- Date: 29 September – 5 October
- Edition: 8th
- Surface: Hard
- Location: Villena, Alicante, Spain
- Venue: Ferrero Tennis Academy

Champions

Singles
- Pablo Carreño Busta

Doubles
- Sander Gillé / Sem Verbeek
- ← 2024 · Villena Open · 2026 →

= 2025 Villena Open =

The 2025 Alicante Ferrero Challenger was a professional tennis tournament played on hardcourts. It was the eighth edition of the tournament which was part of the 2025 ATP Challenger Tour.
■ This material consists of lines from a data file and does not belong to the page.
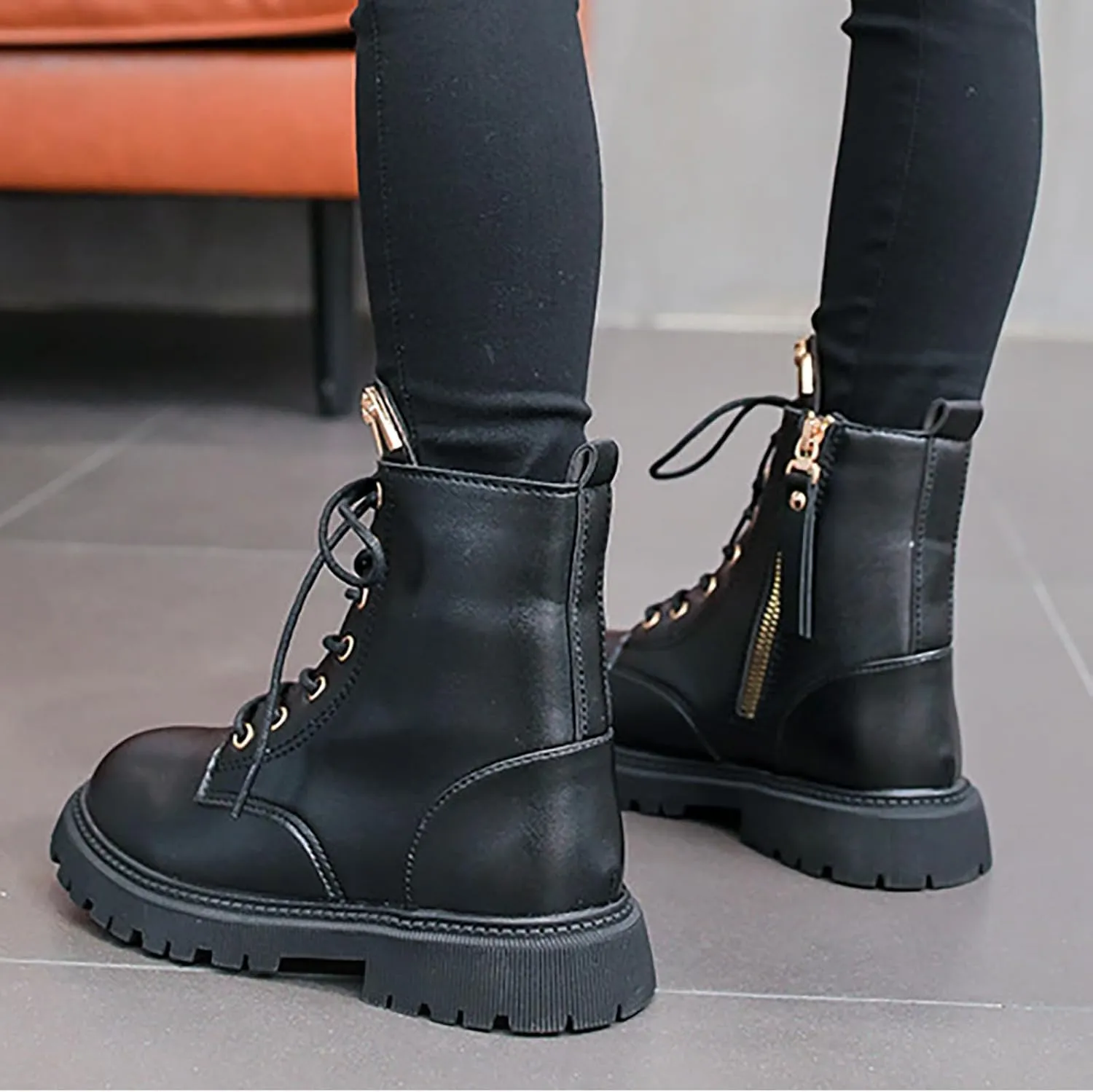Combat Ankle Boots Kids Girls Chunky Low Block Heel Dress Booties Side Zipper Combat Shoes Snow Boots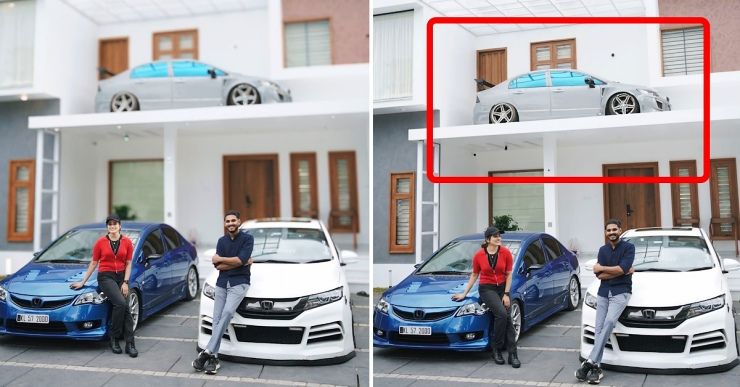 honda civic parked on balcony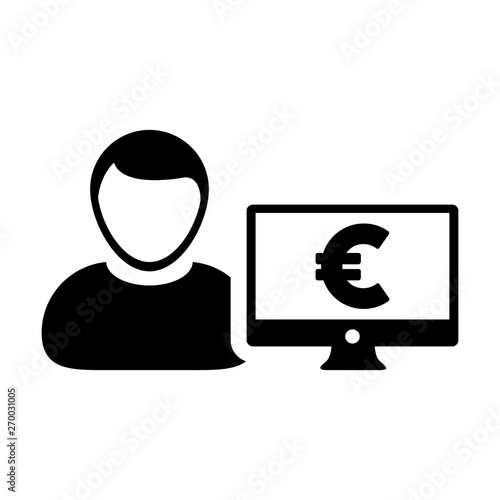 Cash icon vector male user person profile avatar with computer monitor and euro sign currency money symbol for banking and finance business in flat color glyph pictogram illustration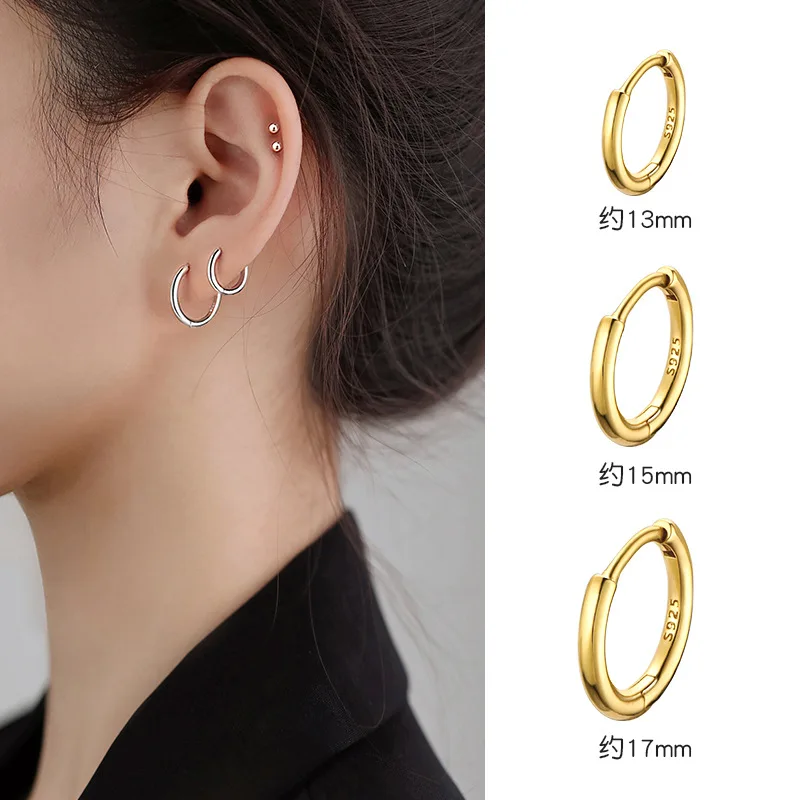 Glossy Hoop Earrings 925 Silver Gold Color Earrings Piercing Accessory Trendy Huggie Female Hoops For Women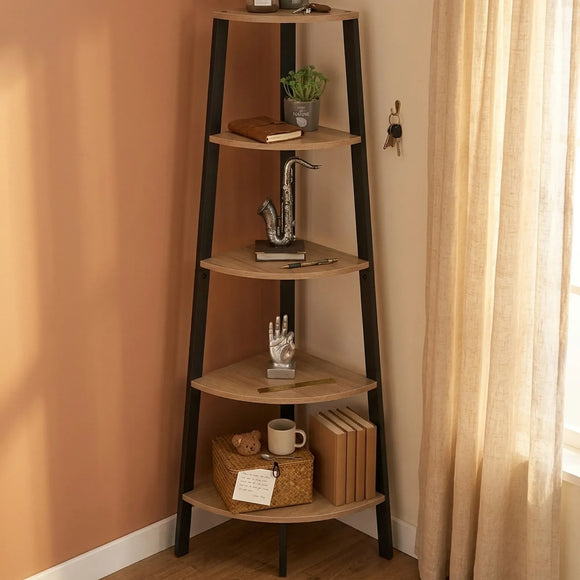 CARLA HOME 5 Tier Corner Shelf - Ladder Bookshelf - Metal Frame - Brown - Rustic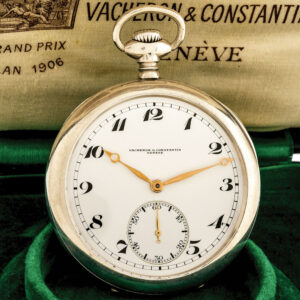Swiss silver open faced lever keyless pocket watch Circa 1906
It took place at the Ferrero Tennis Academy in Villena, Alicante, Spain, between 29 September and 5 October 2025.

==Singles main-draw entrants==
===Seeds===

| Country | Player | Rank^{1} | Seed |
|---|---|---|---|
| GER | Jan-Lennard Struff | 102 | 1 |
| CHI | Nicolás Jarry | 111 | 2 |
| ESP | Pablo Carreño Busta | 123 | 3 |
| SVK | Lukáš Klein | 127 | 4 |
| ESP | Martín Landaluce | 136 | 5 |
| TUN | Moez Echargui | 142 | 6 |
| SUI | Jérôme Kym | 152 | 7 |
| ESP | Daniel Mérida | 173 | 8 |

- ^{1} Rankings are as of 22 September 2025.

===Other entrants===
The following players received wildcards into the singles main draw:
- USA Dali Blanch
- USA Darwin Blanch
- ESP Iñaki Montes de la Torre

The following player received entry into the singles main draw as an alternate:
- ESP Albert Ramos Viñolas

The following players received entry from the qualifying draw:
- ESP Alberto Barroso Campos
- ITA Raúl Brancaccio
- CZE Petr Brunclík
- ITA Lorenzo Carboni
- POL Maks Kaśnikowski
- AUT Neil Oberleitner

The following players received entry as lucky losers:
- GBR Giles Hussey
- ITA Luca Potenza

==Champions==
===Singles===

- ESP Pablo Carreño Busta def. FRA Hugo Grenier 4–6, 6–1, 6–4.

===Doubles===

- BEL Sander Gillé / NED Sem Verbeek def. CZE Petr Nouza / CZE Patrik Rikl 6–3, 6–4.